How do I calculate my break-even price after averaging down?
Your break-even price is your average cost per share. If you sell all shares at exactly your average cost, you neither gain nor lose (excluding taxes and brokerage fees). This calculator shows your average cost — that is your break-even. To profit, the stock must trade above that price when you sell.
What is cost basis and why does it matter for taxes?
Cost basis is the total original value of your investment: total shares × average cost per share. When you sell shares, capital gain = (sale price − cost basis per share) × shares sold. In India, short-term capital gains (held < 1 year for equity) are taxed at 15%; long-term (held > 1 year) at 10% above ₹1 lakh. Accurate cost basis tracking minimizes tax liability.
Should I average down on a falling stock?
Averaging down can be a sound strategy if you are confident in the company's long-term fundamentals and the price drop is due to market sentiment rather than deteriorating business quality. It is risky if the company faces structural problems — averaging down on a failing business increases losses. Always assess the reason for the price decline before adding to a losing position.
What is the difference between average cost and FIFO for tax purposes?
Average cost uses the weighted mean of all purchase prices.
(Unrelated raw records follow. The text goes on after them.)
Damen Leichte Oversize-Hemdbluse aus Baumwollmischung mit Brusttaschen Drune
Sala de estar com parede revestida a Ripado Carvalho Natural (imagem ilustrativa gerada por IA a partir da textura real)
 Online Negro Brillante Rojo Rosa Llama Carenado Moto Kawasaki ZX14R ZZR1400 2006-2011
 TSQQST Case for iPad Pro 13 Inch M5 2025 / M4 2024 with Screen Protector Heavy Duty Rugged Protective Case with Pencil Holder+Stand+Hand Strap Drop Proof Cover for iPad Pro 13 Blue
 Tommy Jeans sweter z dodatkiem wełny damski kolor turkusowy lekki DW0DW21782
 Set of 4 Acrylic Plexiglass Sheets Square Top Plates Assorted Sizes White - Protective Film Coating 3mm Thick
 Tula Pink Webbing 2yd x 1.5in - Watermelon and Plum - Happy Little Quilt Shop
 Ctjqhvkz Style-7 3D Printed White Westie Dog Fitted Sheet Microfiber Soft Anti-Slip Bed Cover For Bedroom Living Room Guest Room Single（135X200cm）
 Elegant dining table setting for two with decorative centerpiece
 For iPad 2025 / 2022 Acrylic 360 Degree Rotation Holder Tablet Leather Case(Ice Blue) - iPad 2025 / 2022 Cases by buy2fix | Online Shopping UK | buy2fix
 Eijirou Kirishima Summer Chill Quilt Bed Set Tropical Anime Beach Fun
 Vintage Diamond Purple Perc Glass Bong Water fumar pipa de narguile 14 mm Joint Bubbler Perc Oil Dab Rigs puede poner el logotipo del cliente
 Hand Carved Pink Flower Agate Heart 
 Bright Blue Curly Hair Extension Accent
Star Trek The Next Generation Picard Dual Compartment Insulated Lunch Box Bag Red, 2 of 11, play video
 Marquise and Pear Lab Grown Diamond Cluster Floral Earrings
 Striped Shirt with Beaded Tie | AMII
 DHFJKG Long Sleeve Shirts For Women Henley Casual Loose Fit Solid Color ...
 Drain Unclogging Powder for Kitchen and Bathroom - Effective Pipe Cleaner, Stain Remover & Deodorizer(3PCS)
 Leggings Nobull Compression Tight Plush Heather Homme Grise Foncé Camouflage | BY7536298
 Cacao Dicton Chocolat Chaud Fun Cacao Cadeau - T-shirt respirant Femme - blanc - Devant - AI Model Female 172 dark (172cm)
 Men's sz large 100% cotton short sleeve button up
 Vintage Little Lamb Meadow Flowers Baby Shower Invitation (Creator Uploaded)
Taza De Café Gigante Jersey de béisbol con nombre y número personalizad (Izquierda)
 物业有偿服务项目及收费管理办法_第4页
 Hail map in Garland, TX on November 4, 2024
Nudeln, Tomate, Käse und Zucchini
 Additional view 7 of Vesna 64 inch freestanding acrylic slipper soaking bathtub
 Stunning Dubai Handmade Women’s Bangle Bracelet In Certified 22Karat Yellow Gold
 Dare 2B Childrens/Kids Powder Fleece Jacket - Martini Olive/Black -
FIFO (First In, First Out) assumes you sell the shares you bought earliest first. In a rising market, FIFO produces higher cost basis on early sales (potentially lower gains). In a falling market, FIFO produces lower cost basis (higher gains). India's tax rules for mutual funds use average cost; for direct stock, FIFO is commonly assumed. Consult a tax advisor for your specific situation.
How does a stock split affect my average cost?
A stock split increases your shares and proportionally decreases your average cost. For a 2:1 split: your shares double and your cost per share halves, but total investment stays the same. Example: 100 shares at ₹1,000 average cost → after 2:1 split → 200 shares at ₹500 average cost. Update this calculator by doubling shares and halving prices in all purchase rows.
Can I use this for ETFs and mutual funds?
Yes. The weighted average cost formula is identical for ETFs, mutual funds (units × NAV), or any investment where you make multiple purchases at different prices. For mutual fund SIP calculations, enter each monthly purchase as a row. The resulting average NAV is your cost basis per unit.
What is the weighted average vs simple average price?
Simple average = (Price1 + Price2 + … + PriceN) ÷ N — weights each price equally regardless of quantity. Weighted average = Σ(shares_i × price_i) ÷ Σ(shares_i) — larger purchases influence the average more. For cost basis, the weighted average is always correct. If you buy 1 share at ₹100 and 1,000 shares at ₹50, the simple average is ₹75 but your true cost basis is just ₹50.05 per share.